Rosy Bindi, intervenuta su Ecoradio, ha dichiarato che è un “momento sbagliato e un modo sbagliato per accettare questa proposta. E’ grave che venga posta in un tempo di crisi. Va prima ridiscusso tutto il rapporto delle donne con il lavoro, che pagano in maniera più alta il precariato. Sono coloro che hanno più difficoltà a fare carriera e sono altamente discriminate nella retribuzione. Abbiamo pochi servizi per la famiglia e l’infanzia, bisogna finanziare un nuovo sistema di welfare. In questo modo non si fa altro che aggravare una situazione già difficile per le donne”.
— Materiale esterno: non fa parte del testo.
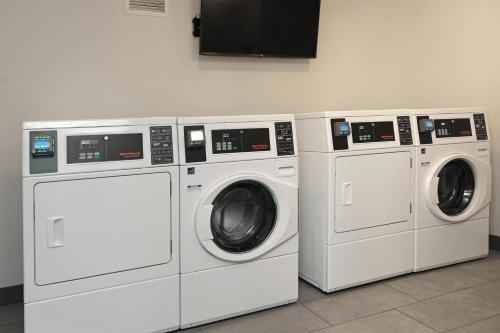 Hampton Inn Lima in Lima, USA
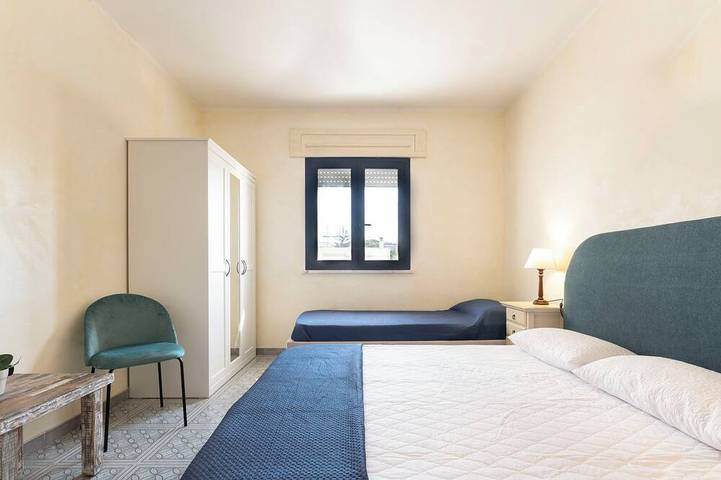 Appartamento intero, Casa Baia Smeraldo100 Mt mare in Marina di San Gregorio, Patù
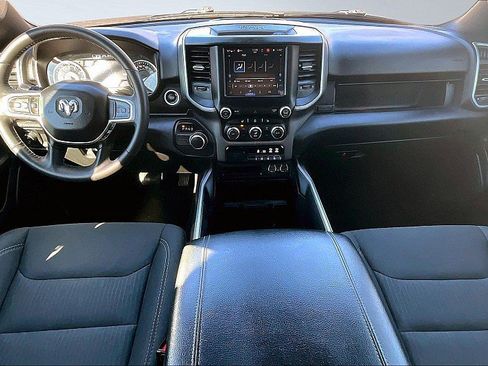 Used 2022 RAM 1500 Big Horn w/ Night Edition RWD image 15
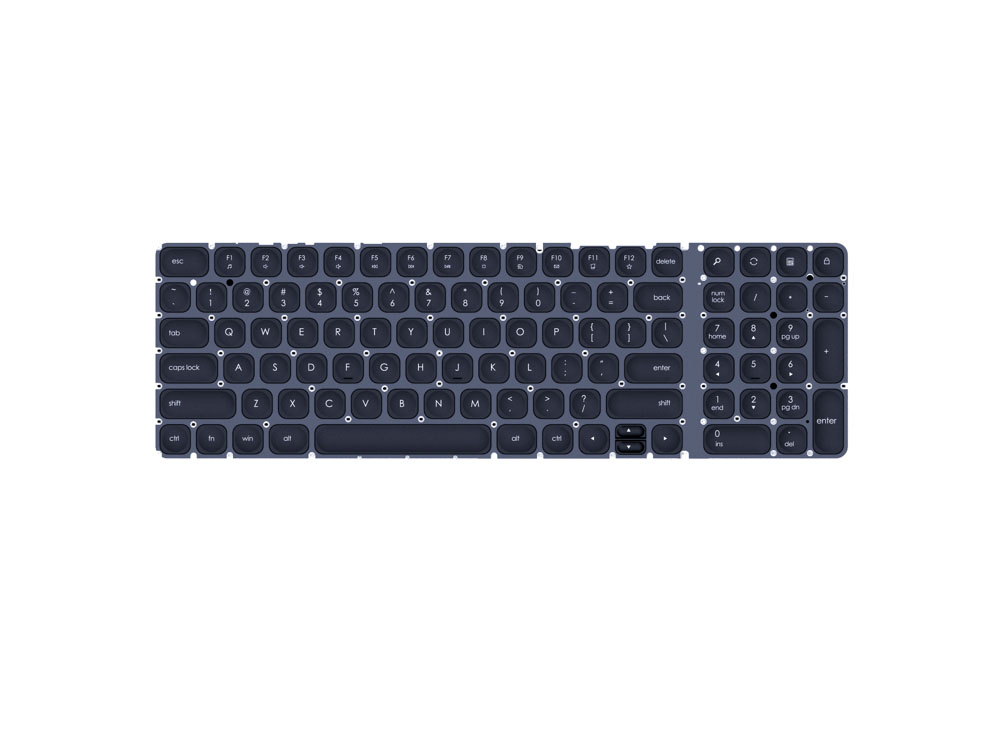 NB38(US) 电脑键盘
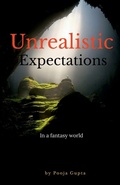 Cover: Unrealistic Expectations - Notion Press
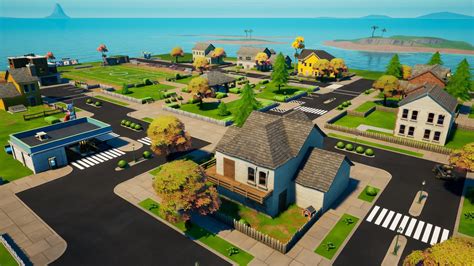 OG Pleasant Park Gun Game 5275-5204-1607 by asterfn - Fortnite Creative ...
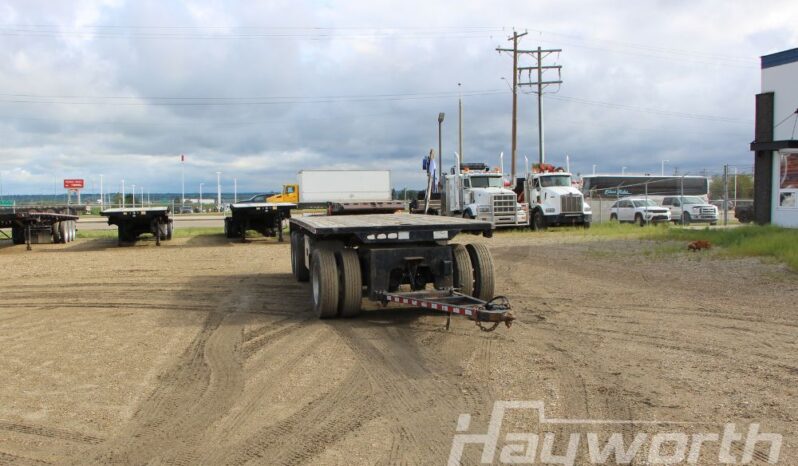 2015 Raja Tri Axle Wagon Trailer full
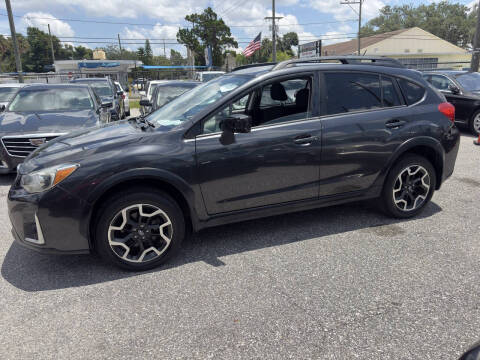 2017 Subaru Crosstrek 2.0i Premium
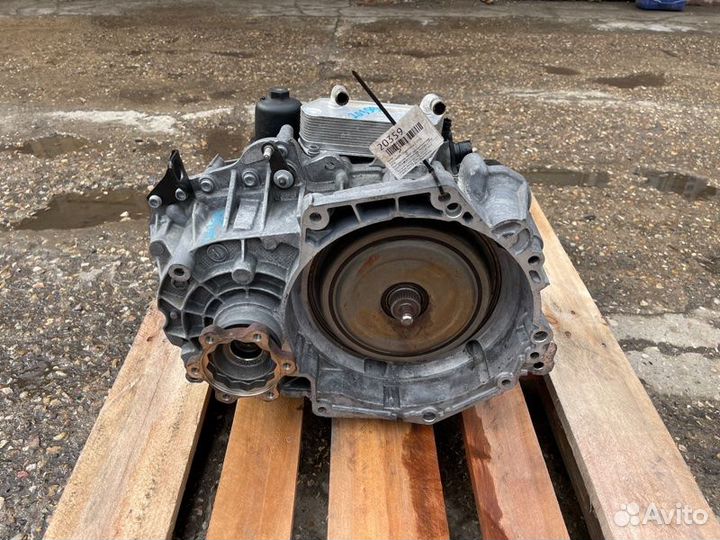 АКПП Volkswagen Sharan PPW 2.0TDI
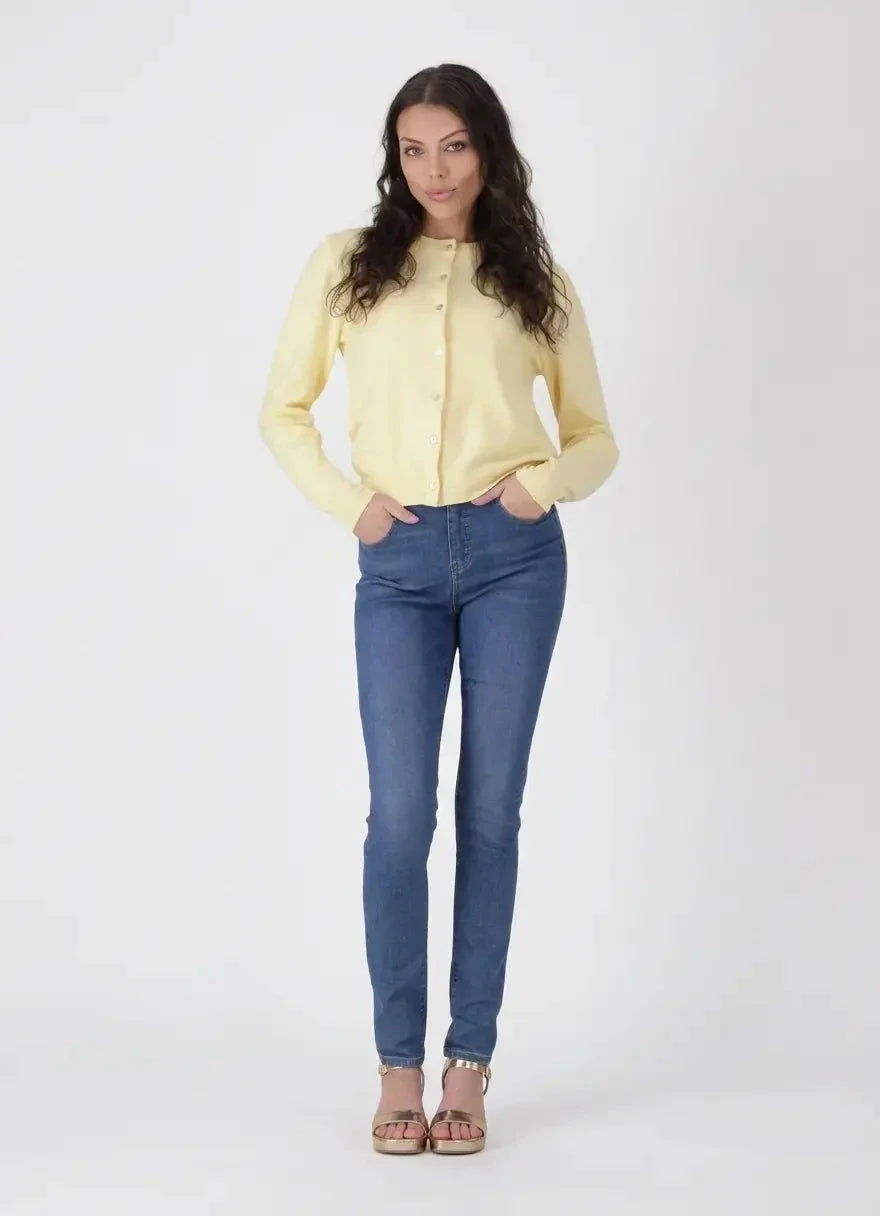 Levis 721 High Rise Did It Matter Skinny Jeans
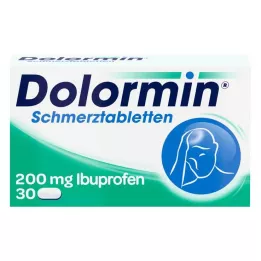 DOLORMIN Compresse rivestite con film, 30 pezzi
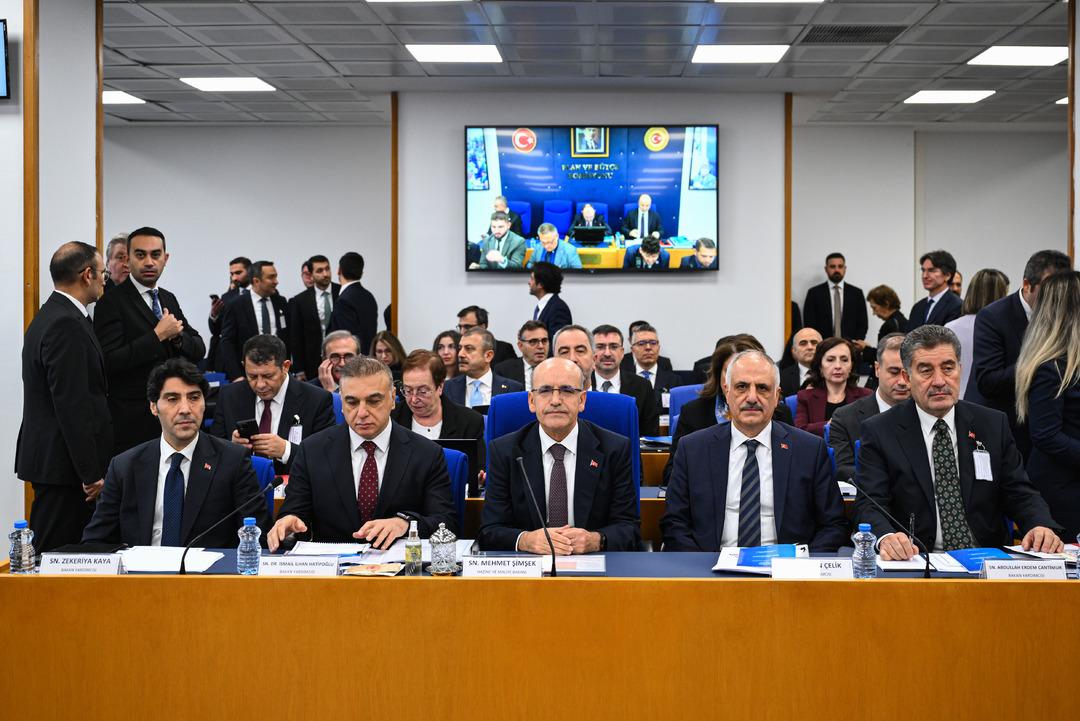 Meclis te cevabı geldi: Af bekleyenler dikkat! Bakan Şimşek Artırdık, artıracağız diyerek açıkladı 1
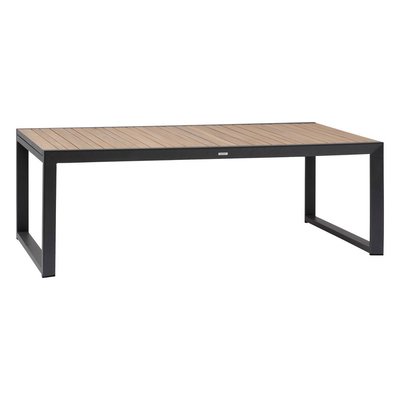 Table de jardin extensible CORVO HESPERIDE
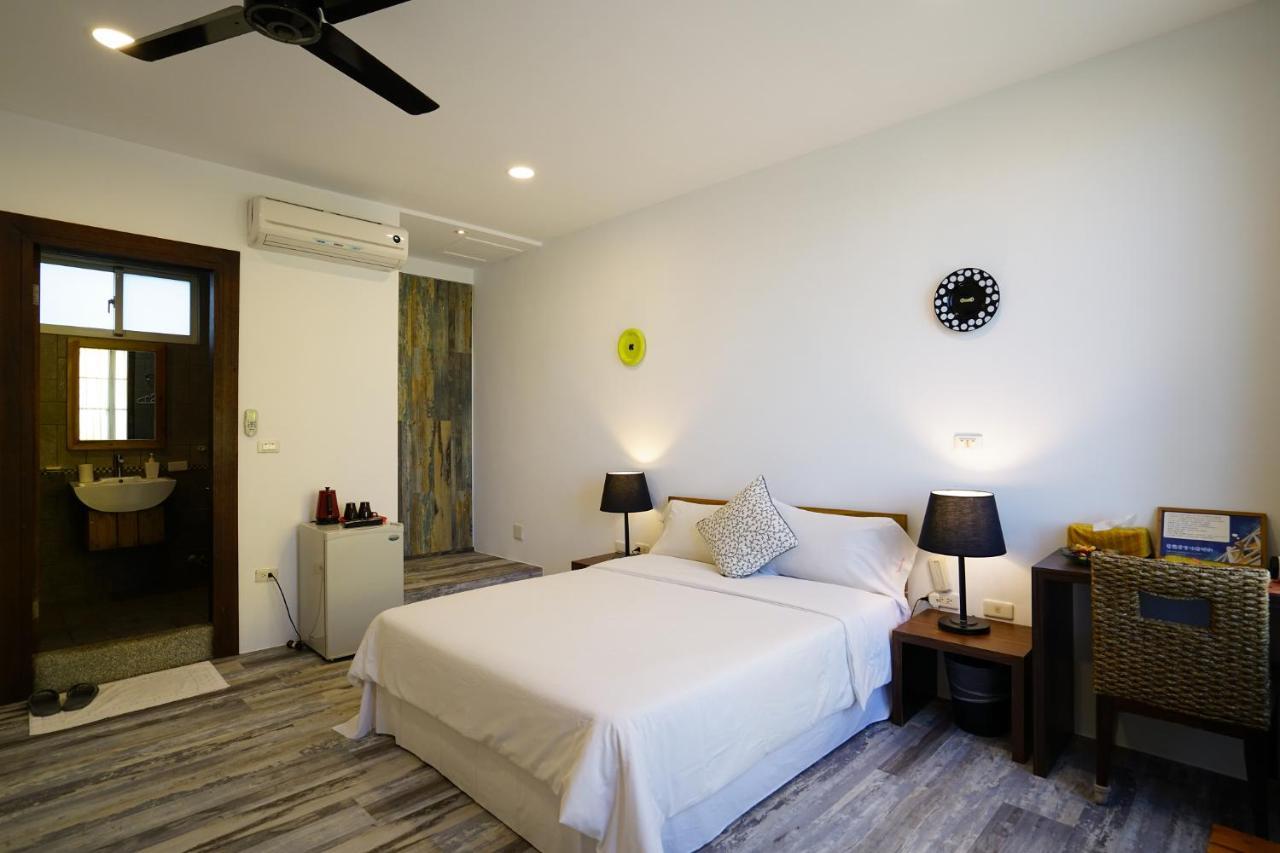 Summer Ya B&B Huxi Eksteriør billede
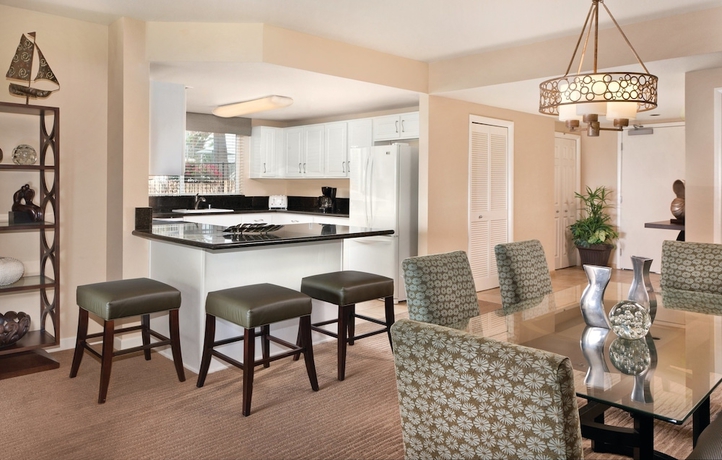 Imagen de la habitación del Hotel Worldmark Oceanside. Foto 9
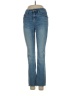 Flying Monkey Hearts Blue Jeans Size 24 waist - photo 1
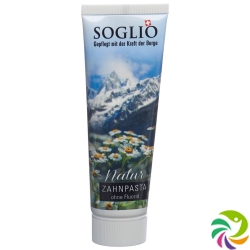 Soglio Natur Zahnpasta Tube 75ml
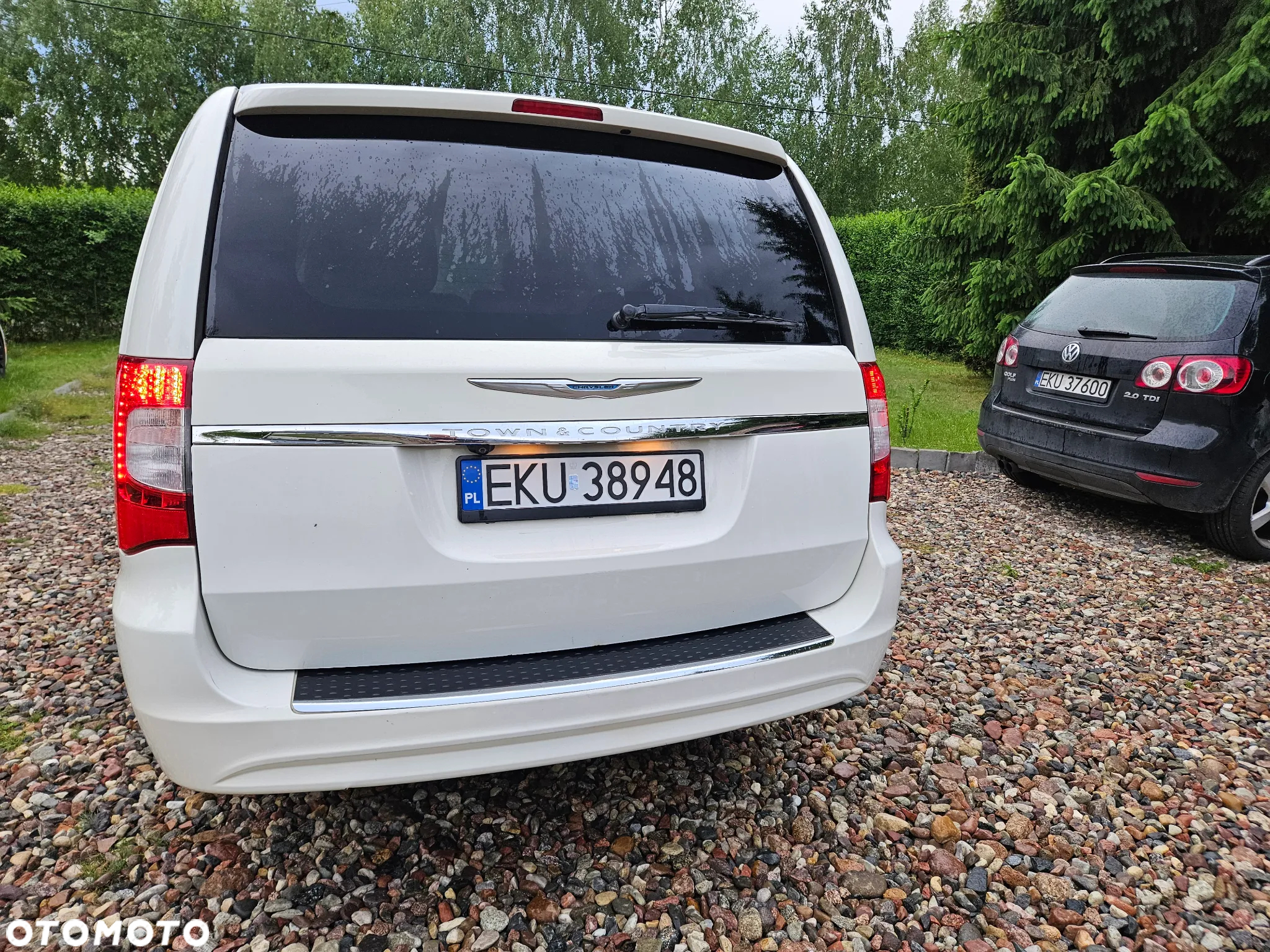 Chrysler Town & Country 3.6 Touring - 7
“Si discute – ha concluso Rosy Bindi – sulla vita delle persone sempre in termini di risparmio. Nei tempi di crisi tutti hanno riscoperto che il welfare è un investimento e non un costo. Bisognerebbe guardare a quello che fa tutto il mondo in questo momento, se Brunetta parla di risparmi si parli prima di investimenti nel sistema del welfare. Il governo non ha proposta una ristrutturazione del welfare italiano, parla solo di tagli”.
Per Guglielmo Epifani, segretario generale della Cgil, “innalzare l’età pensionabile in questo momento di crisi, proposta che per ora riguarda il settore pubblico, ma non è escluso possa essere estesa anche al privato, vuol dire caricare i costi della crisi due volte sul mondo del lavoro e tre volte sulle donne lavoratrici. Esprimo per questo un dissenso forte nel merito e nel metodo”.
“Non siamo d’accordo né nel merito né nel metodo. Per la Cisl – ha dichiarato Raffaele Bonanni – è inammissibile che su un tema delicato come quello delle pensioni, il governo abbia deciso unilateralmente, senza aprire un confronto con il sindacato, come si è sempre fatto per tutti gli interventi sulla previdenza. Si tratta di una decisione sbagliata che ci riporta indietro negli anni, introducendo criteri di accesso differenziati alla pensione di vecchiaia per le lavoratrici pubbliche rispetto a quelle private”.
Il governo – secondo il leader della Cisl “può contrastare la sentenza della Corte di Giustizia europea facendo presente che il regime pensionistico pubblico non è un regime professionale distinto da quello legale generale. Semmai, nel futuro, il problema potrebbe essere risolto reintroducendo meccanismi più flessibili di accesso al pensionamento, superando la distinzione fra pensione di anzianità e di vecchiaia, cosa che era già stata fatta con la legge Dini”.